Parents of Bullied Child Face “Blame the Victim” Mentality
SNA (Yamanashi) — The issue of bullying in Japanese schools becomes much more real when the victim is your own child. My wife and I found out that it can also become much worse when school authorities participate in the bullying and fail to protect the innocent.
Our daughter’s first year of public middle school in Yamanashi city began pretty much as her elementary school years. She would wake up every day, more or less looking forward to the day ahead, and she would come home in the late afternoon bubbling with stories of events and school happenings.
Then, a dramatic change occurred in her behavior. Her enthusiasm to go to school began to wither. Asked why she looked so gloomy as she set out for the day, she would either say that it was nothing or remain silent. Clearly it was something.

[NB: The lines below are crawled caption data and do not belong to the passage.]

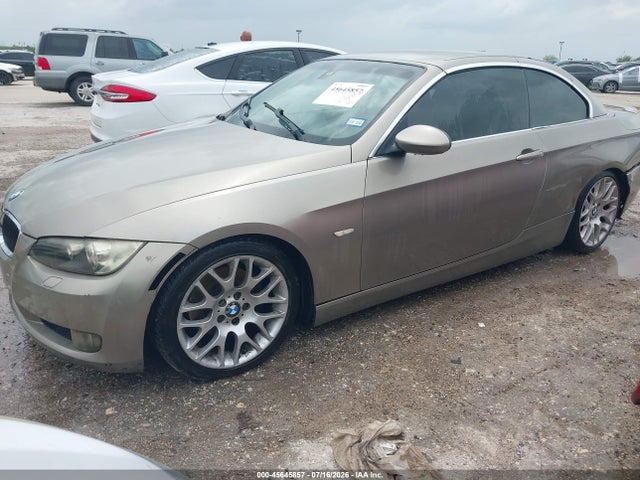 Продаж на аукціоні авто 2009 Bmw 328i, vin: WBAWL13539PX24619, номер лоту: 45645857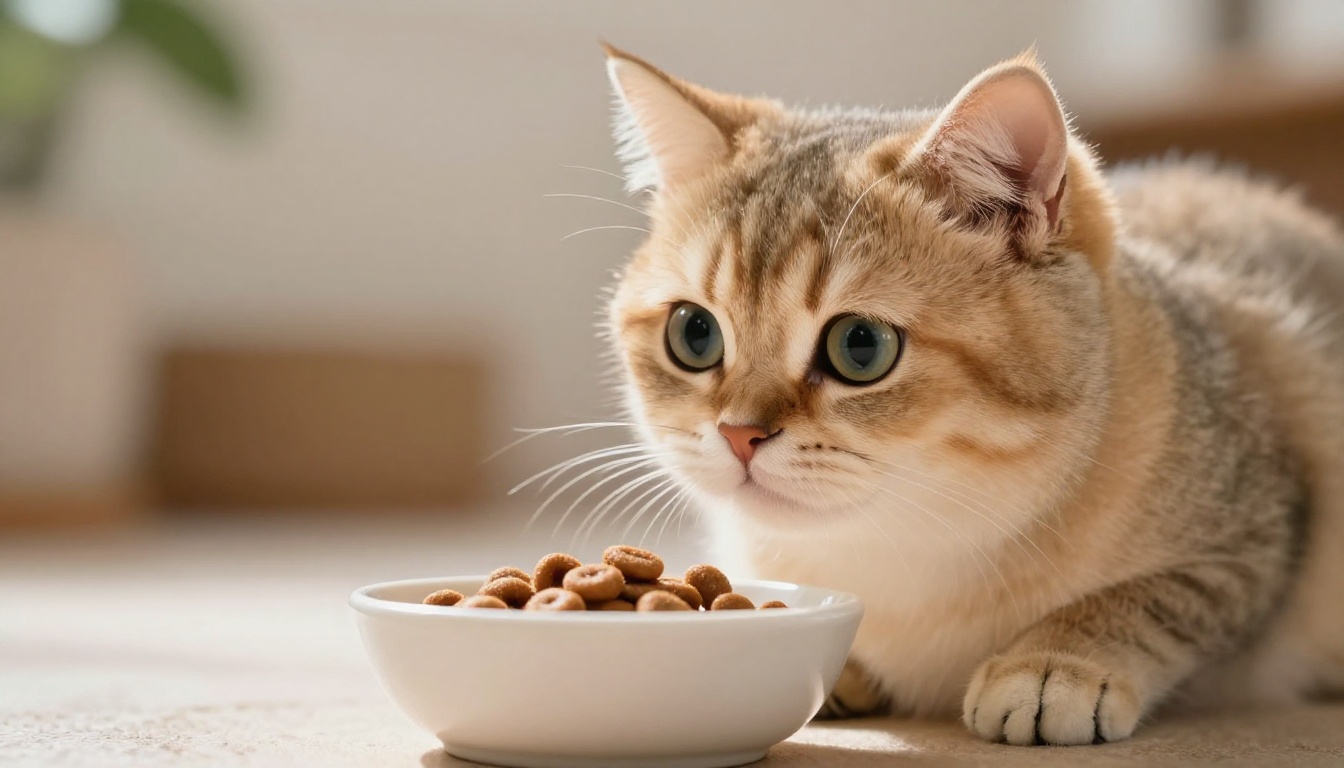 Первый отчет Hill's Pet Nutrition по развитию котят: переосмысление раннего возраста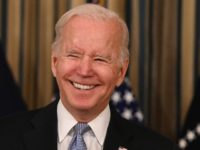 13 House Republicans Face Backlash for Enabling Biden's Agenda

We finally discovered the reason for her distress from her homeroom teacher. The cause was that she was being teased by a group of female classmates on account of her “gaijin smell,” or what we later came to know as “adolescent body odor.”

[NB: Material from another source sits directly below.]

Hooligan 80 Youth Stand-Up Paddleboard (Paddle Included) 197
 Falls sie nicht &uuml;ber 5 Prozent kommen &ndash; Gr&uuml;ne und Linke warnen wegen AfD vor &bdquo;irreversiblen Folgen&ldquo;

My mother sent us a care package from the United States with fresheners and feminine products, and we tried multiple ways to alleviate the problem, and thus bring the bullying to an end.
But our daughter’s gloom only deepened, and she began showing signs of depression. Professional counseling seemed to help a little, but it didn’t bring to a close the root cause of her troubles for being an allegedly smelly half-foreigner.

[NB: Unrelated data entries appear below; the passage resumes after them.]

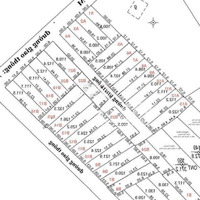 Chính Chủ Mở Bán 30 Lô Đất Mặt Đường Tỉnh Lộ 317 Khu Tu Vũ, Thanh Thuỷ, Phú Thọ. 450 Triệu- 500 Triệu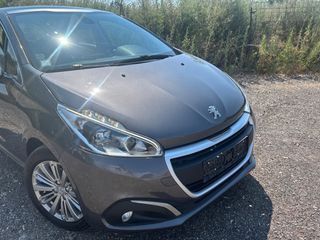 Peugeot 208 2018 ALLURE PANORAMA-thumb-20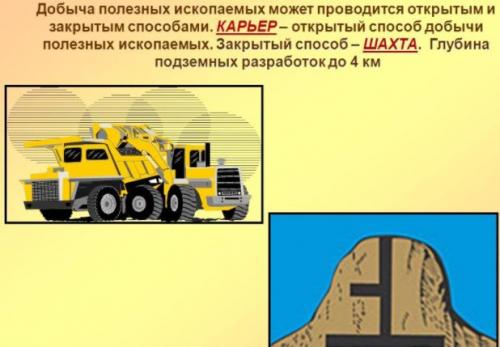 Слюда где добывают. Месторождения и способы добычи минерала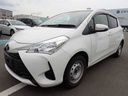 2020 TOYOTA Vitz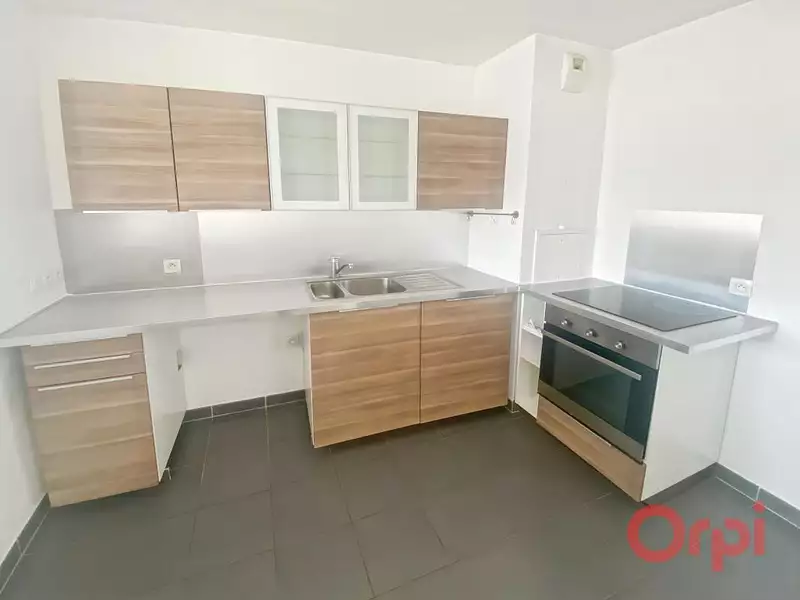 Appartement, 68 m²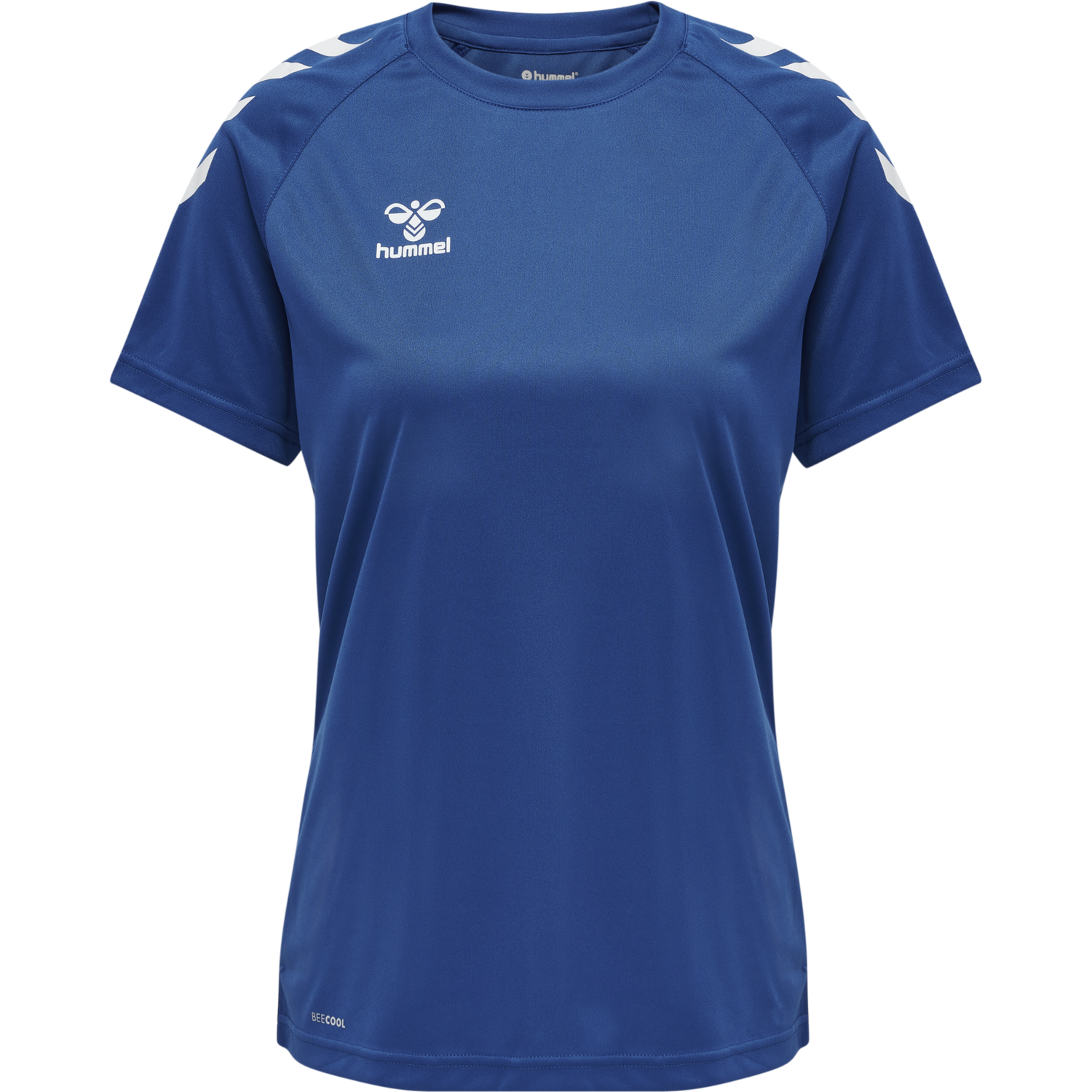 hmlCORE XK CORE POLY TEE  S/S WOMAN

The situation took a sharp turn for the worse in the middle of the first semester of her second year of middle school. One day, the teachers decided to take matters into their own hands and decided to cut her hair in full view of other students, without her consent or even contacting us to ask permission.
That evening our daughter came home so traumatized that she completely refused to return to school. When my daughter’s absence from school went from a few days to several weeks, I became deeply alarmed.
We spent the following year and a half trying to get the middle school to accept the responsibility for the trauma my daughter had suffered and to create a safe environment for her to return to her studies. Not only did they seem to dismiss our concerns, we came to understand that we were being described as “monster parents” for our demand that our daughter not be bullied.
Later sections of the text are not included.